A Particle Swarm Based Algorithm for Functional Distributed Constraint Optimization Problems

  • Moumita Choudhury
  • Saaduddin Mahmud
  • Md. Mosaddek Khan

Distributed Constraint Optimization Problems (DCOPs) are a widely studied constraint handling framework. The objective of a DCOP algorithm is to optimize a global objective function that can be described as the aggregation of several distributed constraint cost functions. In a DCOP, each of these functions is defined by a set of discrete variables. However, in many applications, such as target tracking or sleep scheduling in sensor networks, continuous valued variables are more suited than the discrete ones. Considering this, Functional DCOPs (F-DCOPs) have been proposed that can explicitly model a problem containing continuous variables. Nevertheless, state-of-the-art F-DCOPs approaches experience onerous memory or computation overhead. To address this issue, we propose a new F-DCOP algorithm, namely Particle Swarm based F-DCOP (PFD), which is inspired by a meta-heuristic, Particle Swarm Optimization (PSO). Although it has been successfully applied to many continuous optimization problems, the potential of PSO has not been utilized in F-DCOPs. To be exact, PFD devises a distributed method of solution construction while significantly reducing the computation and memory requirements. Moreover, we theoretically prove that PFD is an anytime algorithm. Finally, our empirical results indicate that PFD outperforms the state-of-the-art approaches in terms of solution quality and computation overhead.

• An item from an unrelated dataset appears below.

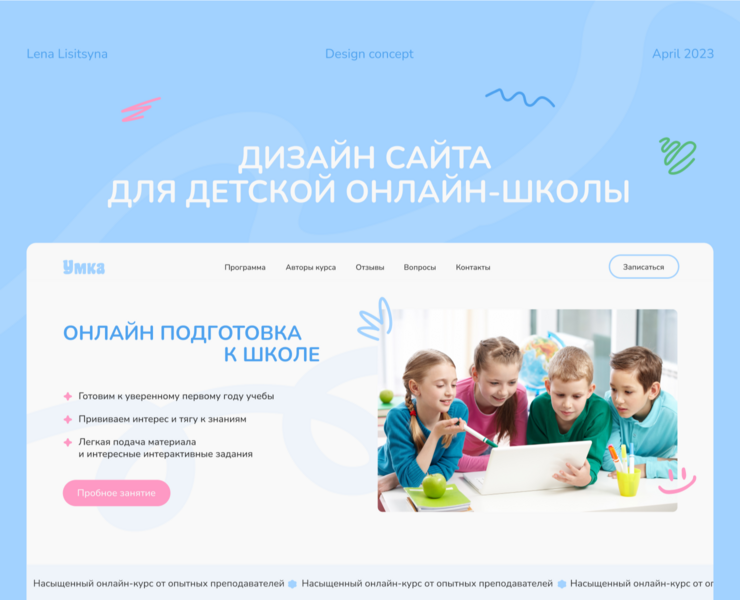Детская онлайн-школа/ Online school на Dprofile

IJCAI Conference 2020 Conference Paper

Learning Optimal Temperature Region for Solving Mixed Integer Functional DCOPs

  • Saaduddin Mahmud
  • Md. Mosaddek Khan
  • Moumita Choudhury
  • Long Tran-Thanh
  • Nicholas R. Jennings

Distributed Constraint Optimization Problems (DCOPs) are an important framework for modeling coordinated decision-making problems in multi-agent systems with a set of discrete variables. Later works have extended DCOPs to model problems with a set of continuous variables, named Functional DCOPs (F-DCOPs). In this paper, we combine both of these frameworks into the Mixed Integer Functional DCOP (MIF-DCOP) framework that can deal with problems regardless of their variables' type. We then propose a novel algorithm - Distributed Parallel Simulated Annealing (DPSA), where agents cooperatively learn the optimal parameter configuration for the algorithm while also solving the given problem using the learned knowledge. Finally, we empirically evaluate our approach in DCOP, F-DCOP, and MIF-DCOP settings and show that DPSA produces solutions of significantly better quality than the state-of-the-art non-exact algorithms in their corresponding settings.